Exercise materials:
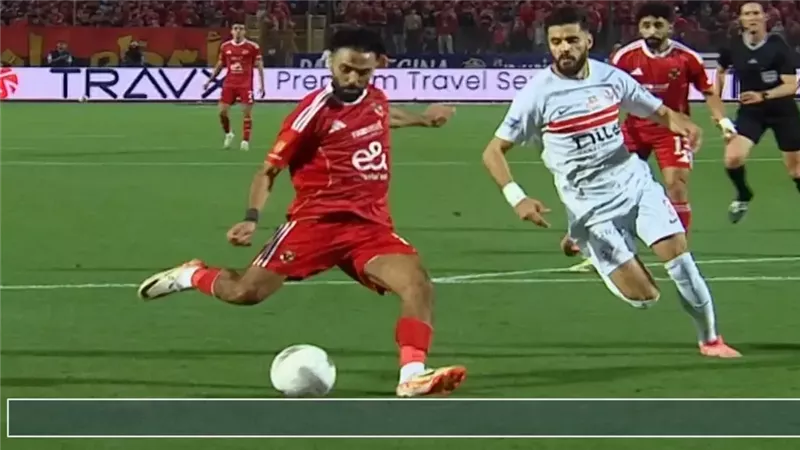 حسين الشحات احرز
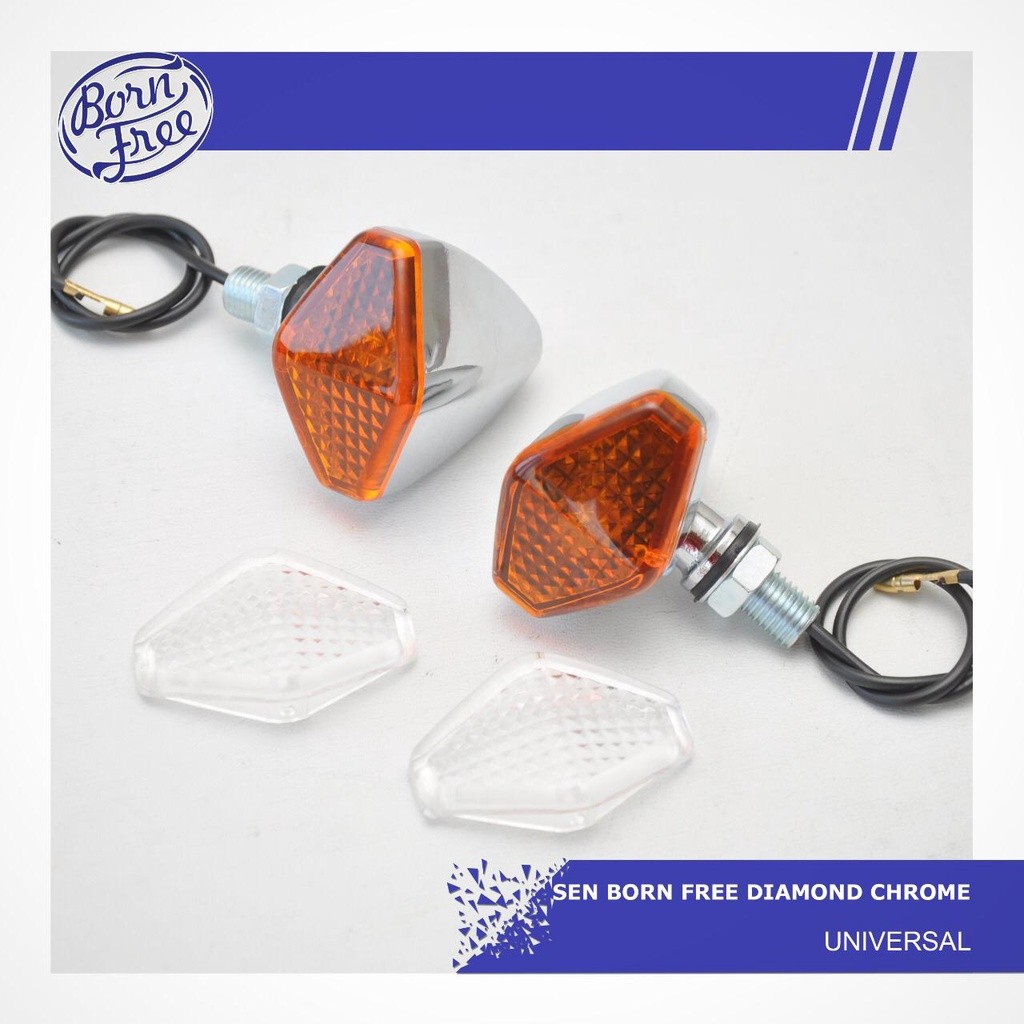 Reteng Born Free Diamond Sen lampu sen diamond
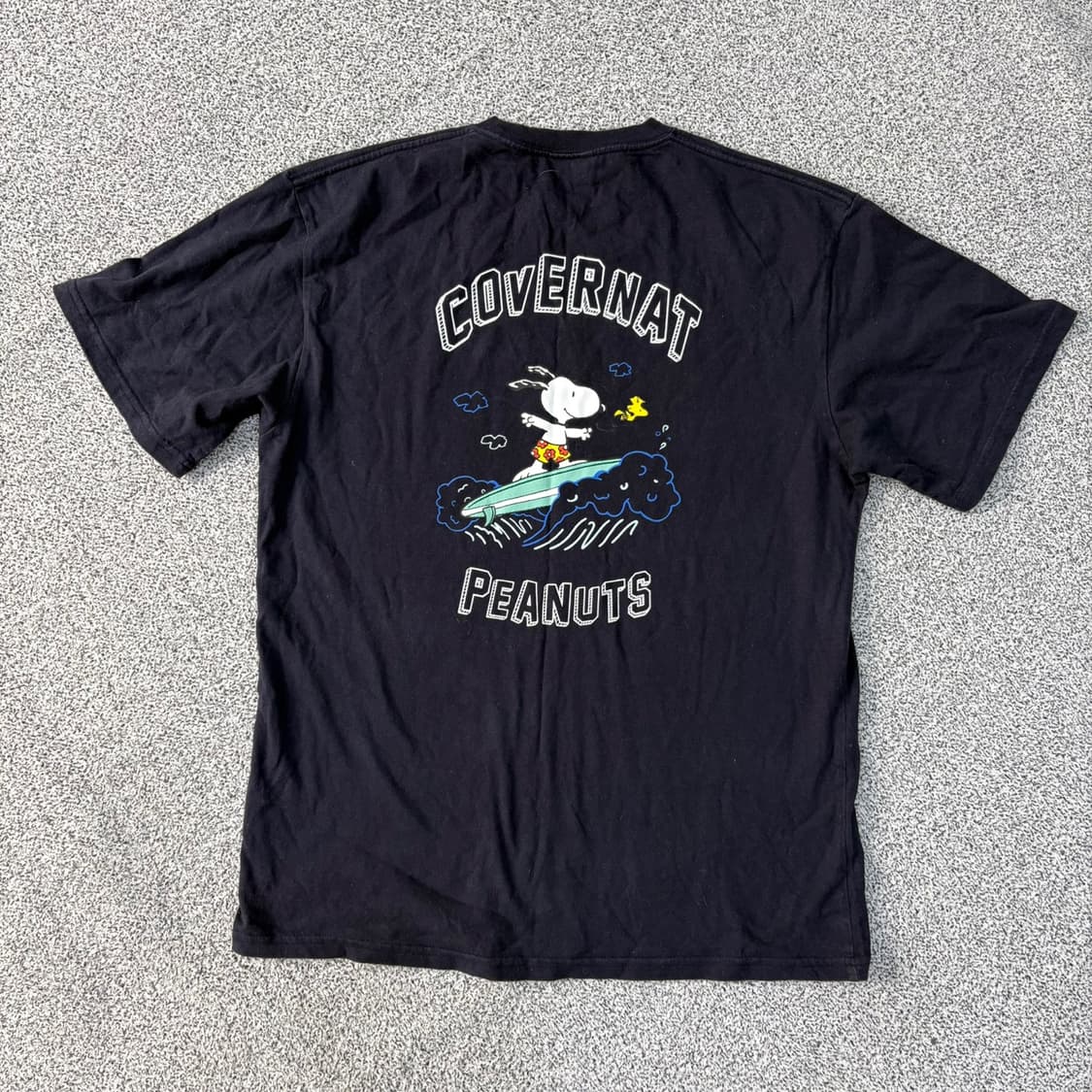 L 커버낫 스누피 반팔 티셔츠 0413J 상품이미지3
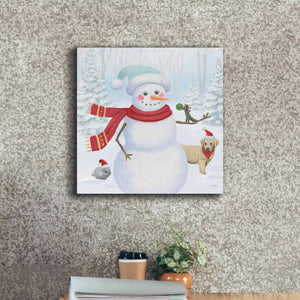 'Dressed for Christmas III Crop' by James Wiens, Canvas Wall Art,18 x 18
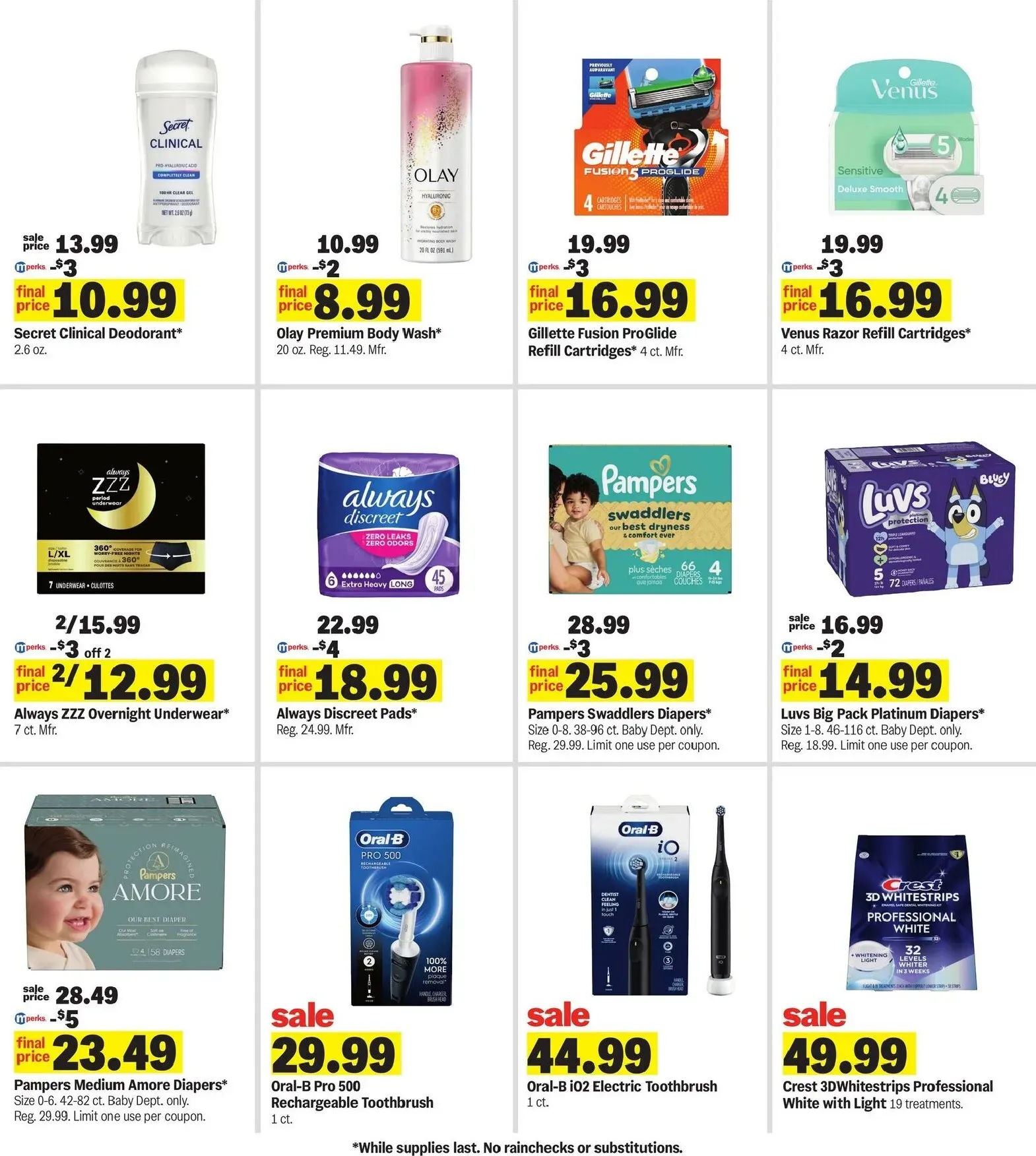 Weekly ad Fright Night Faves. Real Low Prices. from October 28 to November 3 2026 - Page 35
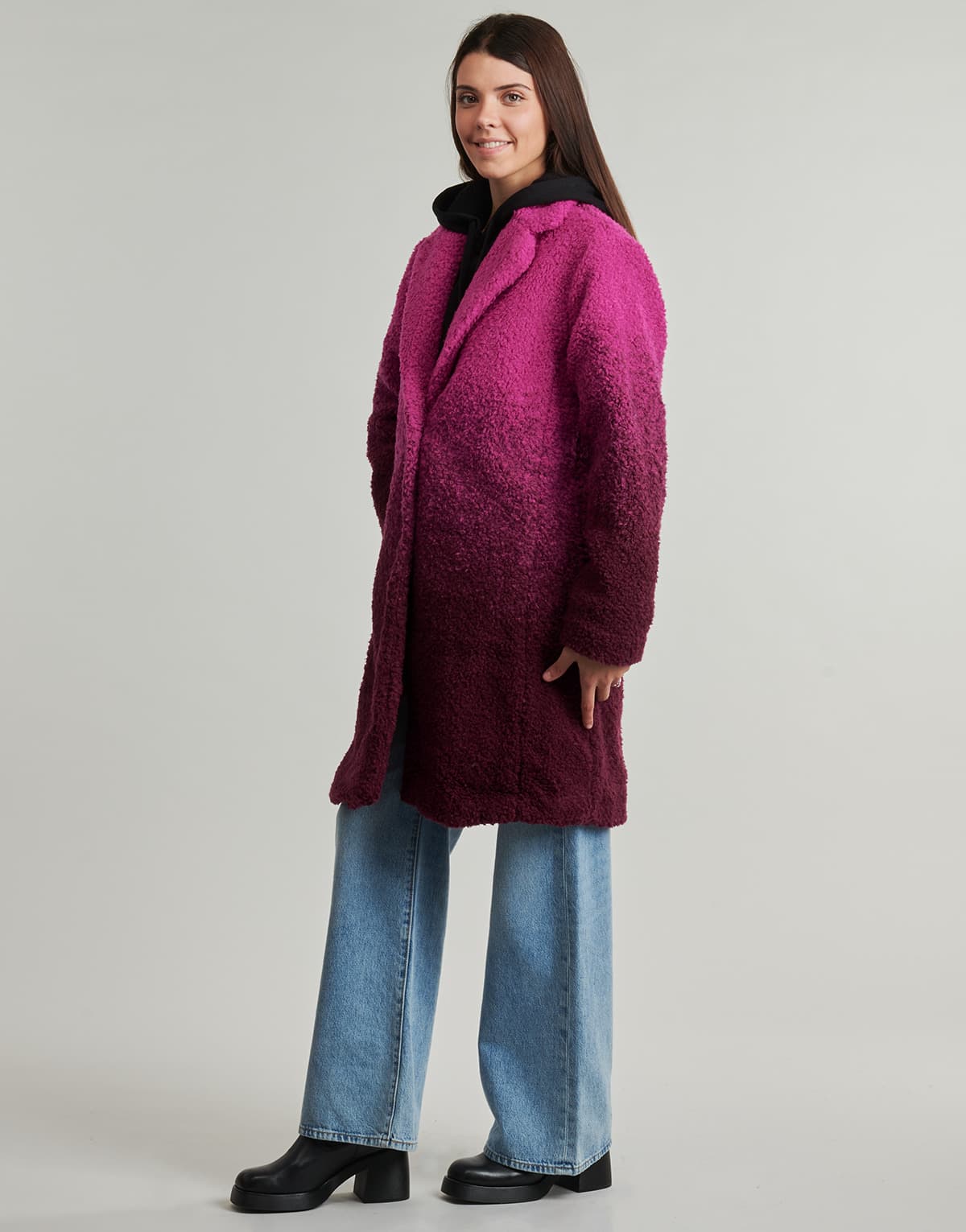 Women's Coats Desigual Pink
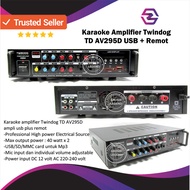 Karaoke amplifier Votre TD AV295D usb Amp plus Remote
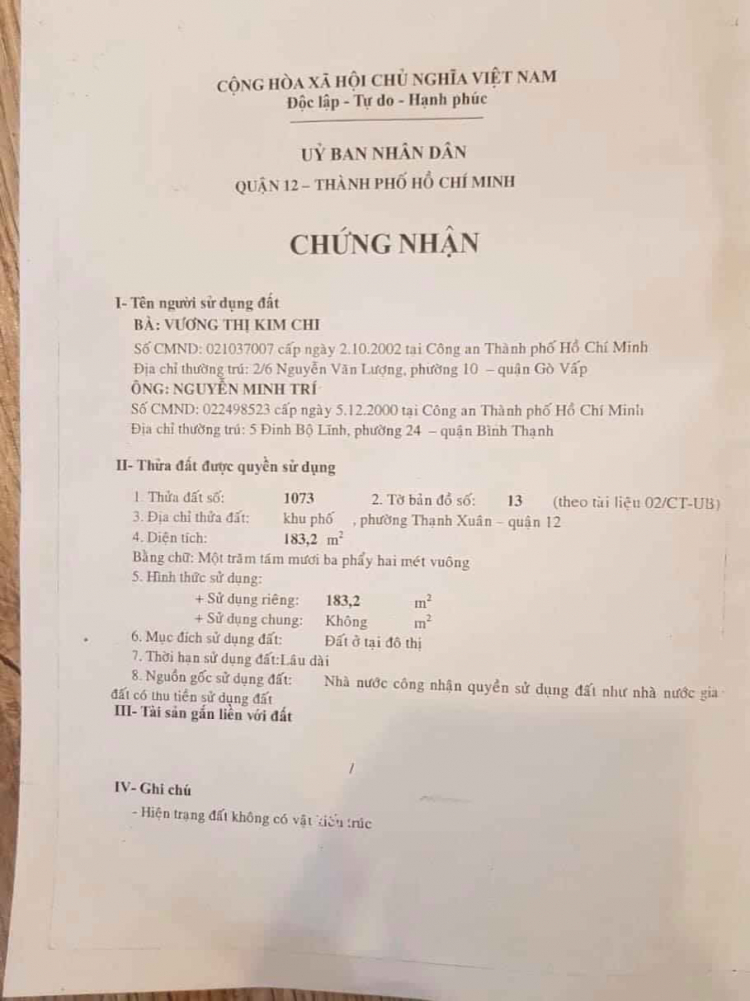 Sài Gòn: Có bác nào bị ngộp cần giải cứu BĐS không? Sài Gòn: Có bác nào bị ngộp cần giải cứu BĐS không?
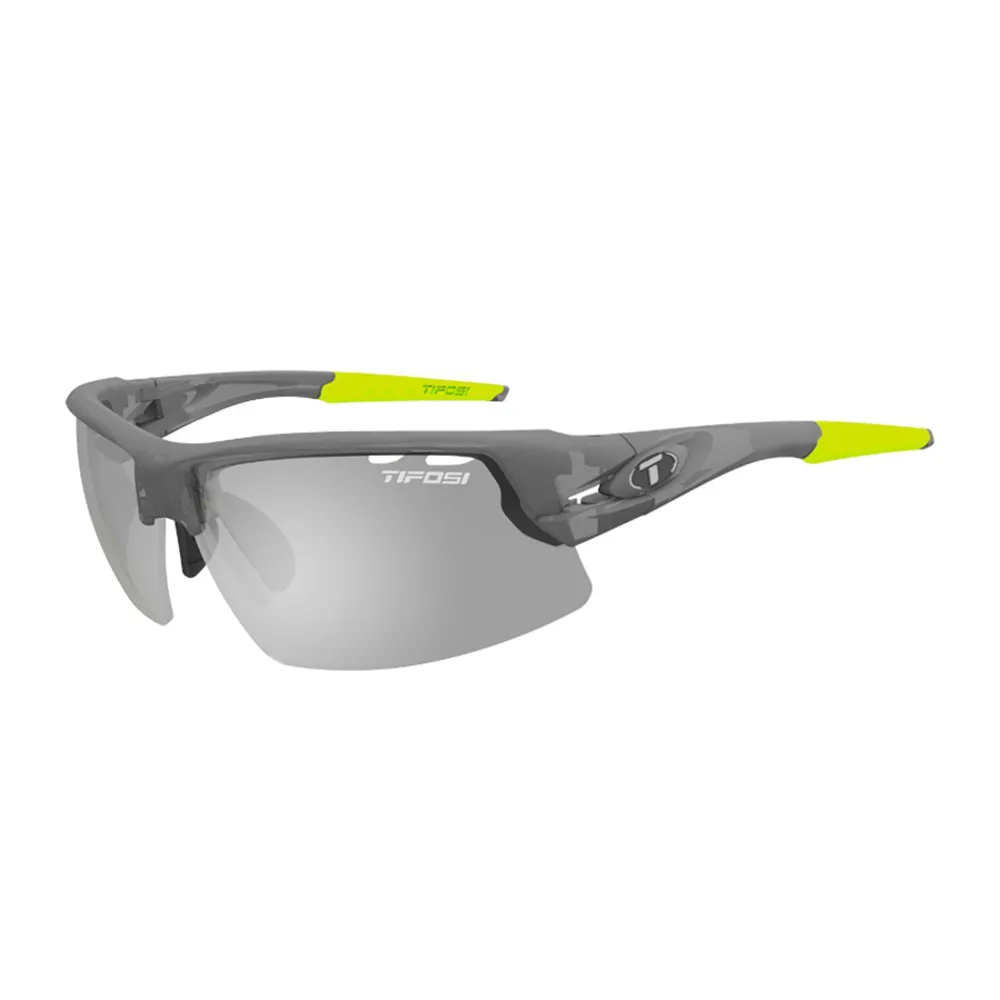 Tifosi Tifosi Crit Cycling Sunglasses Matte Smoke/ Smoke Fototec Lense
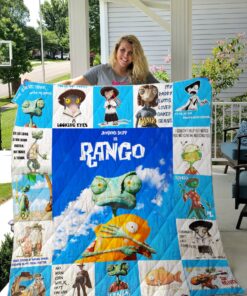 Buy Rango Quilt Blanket & Quilt Bedding Set For Fans Ver 17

About this task: Print the preceding material over again exactly. Please leave the pictures out.

Written answer:
 حسين الشحات احرز
 Reteng Born Free Diamond Sen lampu sen diamond
 L 커버낫 스누피 반팔 티셔츠 0413J 상품이미지3
 'Dressed for Christmas III Crop' by James Wiens, Canvas Wall Art,18 x 18
 Weekly ad Fright Night Faves. Real Low Prices. from October 28 to November 3 2026 - Page 35
 Women's Coats Desigual Pink
 Karaoke amplifier Votre TD AV295D usb Amp plus Remote
 Sài Gòn: Có bác nào bị ngộp cần giải cứu BĐS không? Sài Gòn: Có bác nào bị ngộp cần giải cứu BĐS không?
 Tifosi Tifosi Crit Cycling Sunglasses Matte Smoke/ Smoke Fototec Lense
 Buy Rango Quilt Blanket & Quilt Bedding Set For Fans Ver 17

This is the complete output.